Business Law



In the recent decisions of the Competition Board (the “Board”) regarding the Topla-Distribute Cartels, which appear as a relatively new concept in Competition Law, some important points regarding the “Cartelization” activities of various undertakings are highlighted. Therefore, in this article, first of all, the place of Collect-Distribute Cartels in our Competition Law will be examined in the light of Board Decisions, and some decisions that can serve as an example will also be emphasized.

First, if it is necessary to define what a cartel is in general; In the Regulation on Fines to Apply in Cases of Agreements, Concerted Practices and Decisions Limiting Competition, and Abuse of Dominant Position, the cartel; agreements restricting competition and/or concerted practices between competitors for fixing prices; allocation of customers, providers, territories, or trade channels; restricting the amount of supply or imposing quotas and bid rigging. There is no definition in the Law No. 4054 on the Protection of Competition (“Law”) regarding what a Hub and Spoke Cartel is, but as a result of the Board’s decisions and within the scope of the Guidelines on Horizontal Cooperation Agreements (“Guidelines”), information exchange between enterprises has been made. It is known that there is a competition law violation that it has created.

In the light of this general definition, it can be understood more clearly what exactly Hub and Spoke Cartels are. As aware, there is a supply chain structure in the markets until the stage of presenting a product from the raw material to the consumer. The main actors that make up this supply chain can be counted as suppliers, retailers, and consumers. Vertical and horizontal interaction is established between the actors in this supply chain. In this context, a vertical interaction is established between the supplier and the retailer, while a horizontal interaction is established between two competing retailers in the same market. Although not every information exchange during this interaction is considered as a violation of Competition Law by cartelization, there are some criteria taken into account in order to conclude that a Hub and Spoke Cartels have been formed. Due to the nature of Hub and Spoke cartels, there must be a concerted action aimed at creating price unity among competitors on a horizontal plane. 

In this context, competitors operating in the same market on a horizontal plane, by means of an actor operating on a vertical plane, can provide information about each other’s sensitive information (such as determining the sales price, price increase rates or coordination of price change dates, when and to what extent periodic discounts will be made). information must be exchanged. The party providing information exchange on the vertical plane may be the supplier or a third party completely outside of the supply chain. In this case, if the exchange of information is provided through a third party, it may be possible for the third party to be subject to sanctions. 

In a nutshell, if it is necessary to summarize the criteria necessary for the formation of Collect-Distribute Cartels under certain headings;

  • information sharing must be occurring between competitors on the horizontal plane and through the vertical actor,
  • the shared information must be sensitive information to the extent that it affects the competition,
  • making conscious and multiple times regarding the determination of the sales price required.


Decision Regarding the Investigation of the Pricing Behaviors of Chain Markets Engaging in Retail Food and Cleaning Products Trade and Producer and Wholesaler Level Enterprises Which Are Their Suppliers During the COVID-19 Pandemic Process (“Decision”)

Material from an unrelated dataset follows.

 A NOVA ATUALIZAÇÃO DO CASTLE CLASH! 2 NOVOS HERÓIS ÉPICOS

In the Decision of the Board on 28.10.2021, because of the investigation initiated ex officio pursuant to Article 41 of the Law, with the claim that sales prices and price increases are coordinated through “direct or indirect contacts through joint suppliers” by means of cartelization among five retail undertakings.

  • The prices of 33 products examined within the scope of the report, in which it was determined that high price increases were made, are immediately brought to a reasonable level following the short decision notification, in full compliance with the pricing policies applied on 1 March 2020, related to the purchase price/production cost and similar objective criteria, and to be attested,
  • Informing the Institution about price increases in food and cleaning products in the scope, format, and period to be determined by the Institution, until the investigation process is completed,
  • Announcement of price increases in the channels where discounts, campaigns and promotions are already announced, as of the notification of the short decision,
  • Sharing the Report with the Ministry of Commerce and the Ministry of Food, Agriculture and Livestock by transforming the Report into the opinion of the Institution, in order to carry out studies to determine whether there are unfair commercial conditions in the contractual relations between the markets and the suppliers and considering that the findings in the report may have policy implications, especially regarding the food supply chain.

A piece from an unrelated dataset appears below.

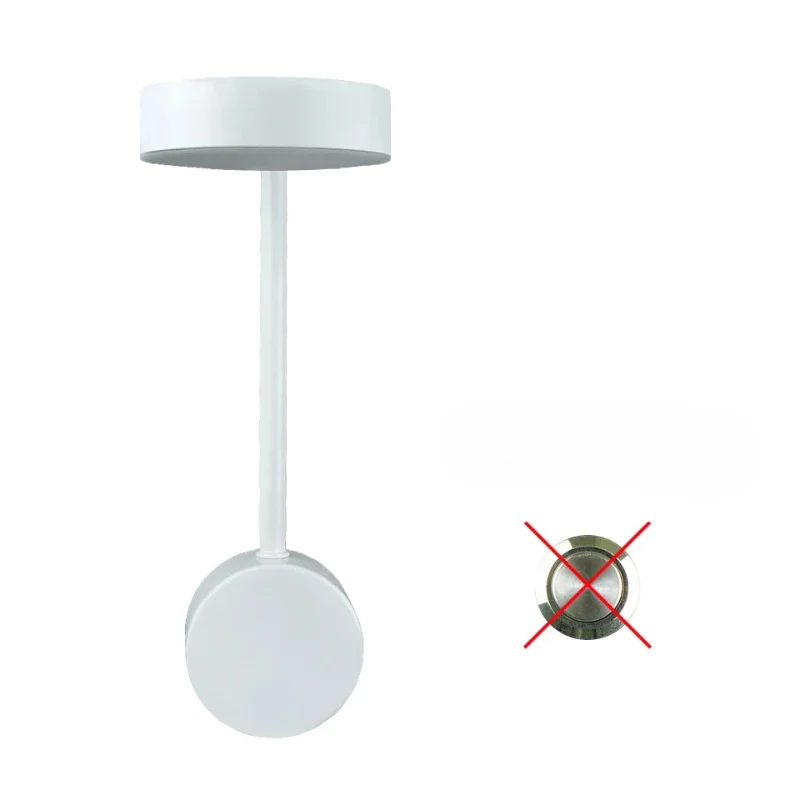 Elegant LED-væglampe med 360° justerbart lys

An interim measure was issued against it.

Regarding the violation, which the Board pointed out in the relevant Decision, which has the characteristics of Hub and Spoke Cartels, and which includes agreements or concerted practices that restrict competition in matters such as fixing prices or quantities among competitors, sharing customers or regions, colluding in tenders. An unprecedentedly large penalty has been given and judicial remedy is open in Ankara Administrative Courts regarding this penalty.